Like many of you, I’m staring down a summer without daycare. The phase two restrictions would morph my toddler’s beloved school into something he wouldn’t even recognize. Meanwhile, my third-grader’s summer camps have been uniformly canceled. Goodbye, kids’ yoga. Farewell, ropes course and archery, with breaks for healthy lunches and wholesome snacks! Ciao, handy curbside bus pick-up and drop-off.
My carefully structured July and August have imploded while my husband and I still have to, you know, work. Now it’s just us, our kids and three decrepit window-unit air conditioners.

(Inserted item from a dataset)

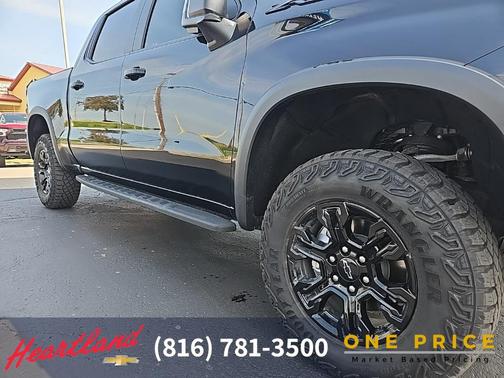2024 Chevrolet Silverado 1500 ZR2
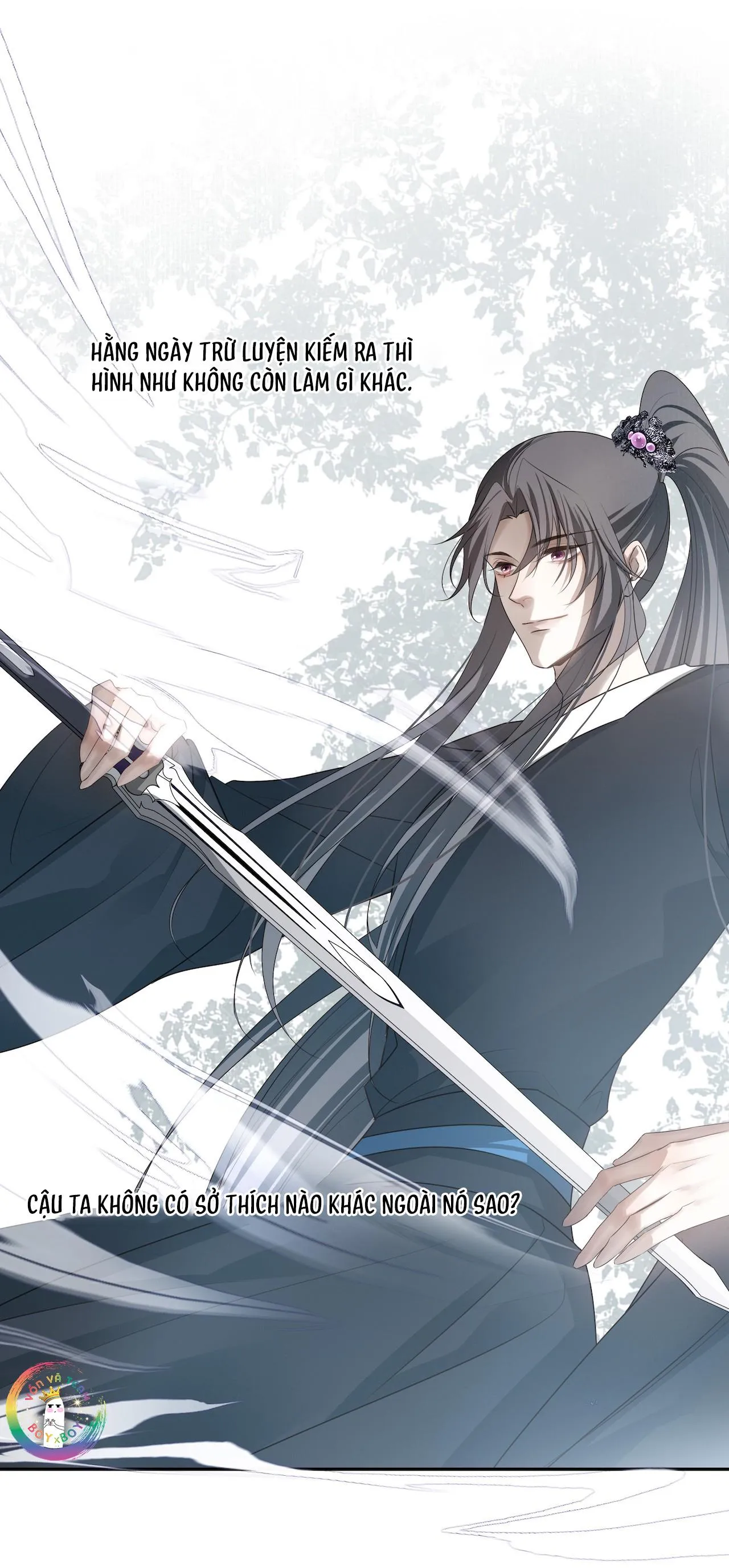 Sau Khi Chết Ta Trở Thành Nốt Chu Sa Của Ca Ca Chapter 44 Trang 9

Why does this new schedule present as alarmingly foreign? It shouldn’t. Growing up, I did not maintain an elaborate summer calendar. I went to precisely one summer camp at a playground down the street from my house that contained a seesaw, three rusty swings and a hot metallic slide. (I think we made friendship bracelets.) Our family belonged to a pool, hardly a swanky one, and sometimes my dad would meet us there after work. I watched TV. I rode my pink Huffy bike. I kept detailed journals with self-improvement tips (“Get tan legs before September!”) and read a lot of “The Baby-Sitters Club” books. (They’re making a comeback!) I experimented with a Bic razor and shaved off my arm hair, so that it still grows back in hirsute thickets. No, I did not have a ropes course. I did not do trust falls. My sense of reality came from “Sweet Valley High.”

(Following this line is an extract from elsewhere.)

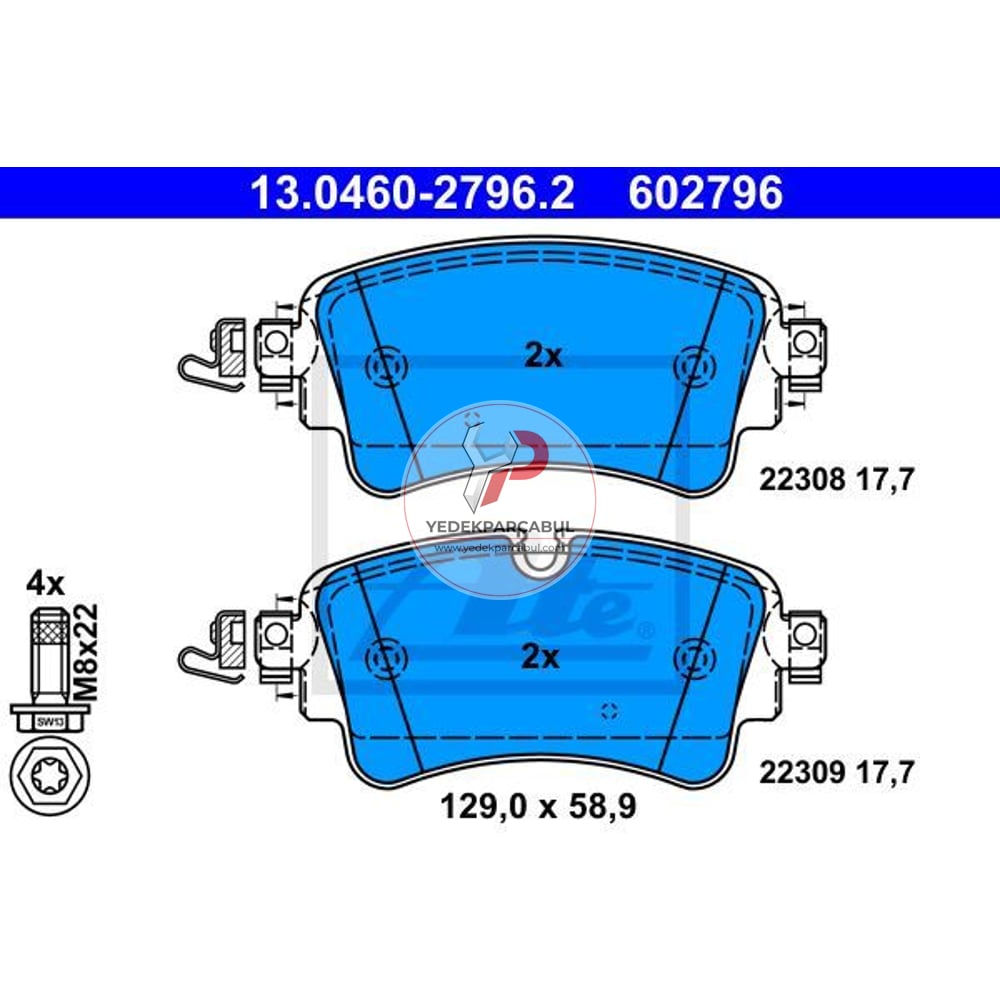 8W0698451F 4N0698451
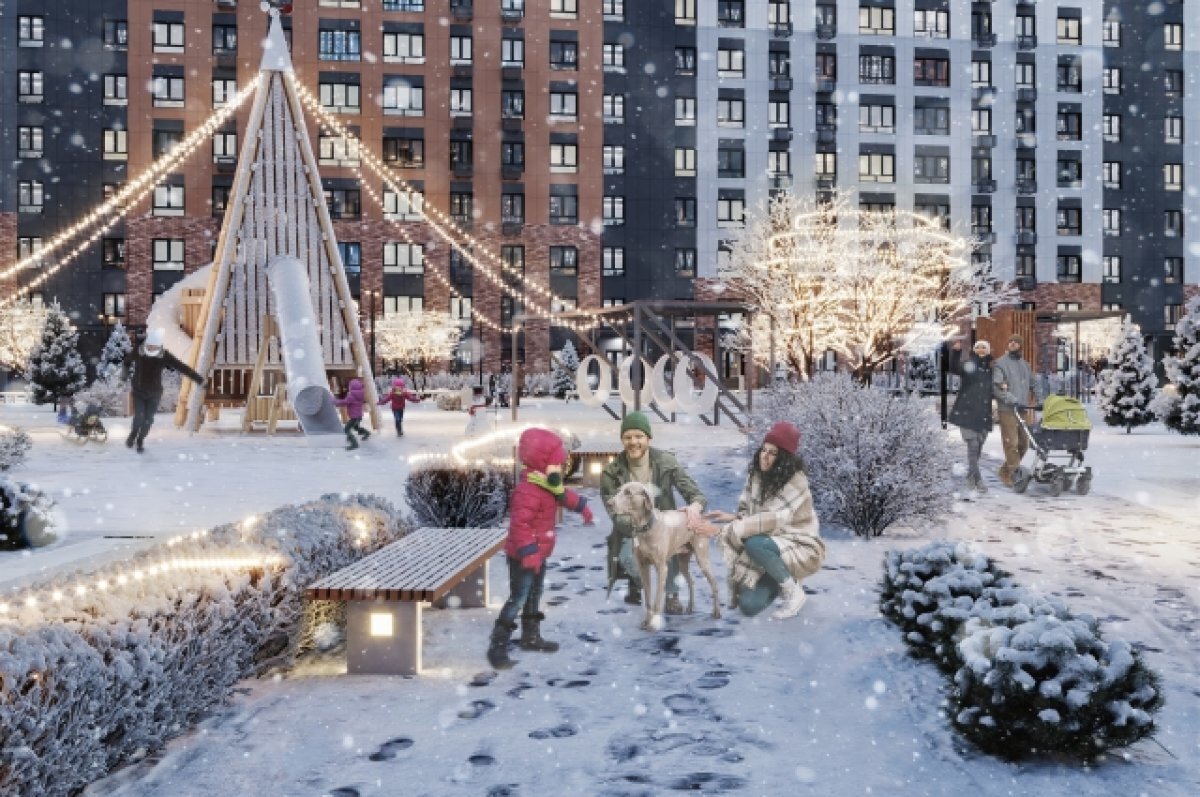     ЖК «Западный квартал»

Life was more clear-cut then, of course. My mom didn’t work. She wasn’t spending her time swatting children out of the frame of a glitchy Zoom call. Logistics were simpler. Expectations were, perhaps, lower. And social media didn’t reinforce every single inadequacy or call into question every single missed family-bonding opportunity.
And so, is it perverse that I’m looking forward to a summer with no expectations, wherein many of my peers are similarly leveled and frazzled? That the game has been called off? That I have an excuse to set my kids free? I will be busy working. So will my husband. My freshly feral tots will have to fend for themselves, to some (safe, non-hazardous) degree. They will need to make their own fun in their own backyard. They will have to grow accustomed to that 1980s, humid, sweat-soaked summertime brand of languid boredom that breeds creativity and maybe even memories. Armed with nothing more than a Gizmo watch and a bike, my 9-year-old will have to find excitement, or at least diversion, on the streets of his own neighborhood. Poor kid.
This is not merely an interesting experiment. Very real child-care complications exist for many of us, ones that are poised to hold women back in particular. These camps and daycares served as more than social and educational sanctuaries for our kids; they enable parents to not get fired. Those of us with understanding colleagues operate with the mutual expectation that we’re working at half-speed right now; not everyone is so fortunate, and for so many, a lack of summertime childcare adds a fresh layer of stress and uncertainty. I’m not clueless enough to think that this is an ideal situation for all. It’s not.
That’s why this bizarre situation might finally force us into self-acceptance, to give ourselves some forgiveness and some leeway. To do less with less. To acknowledge that parenting is always a juggle, but right now it’s sort of like an octopus juggling melting ice cubes. We may need to reprioritize a bit, to make our kids’ happiness less central as we simply muddle through.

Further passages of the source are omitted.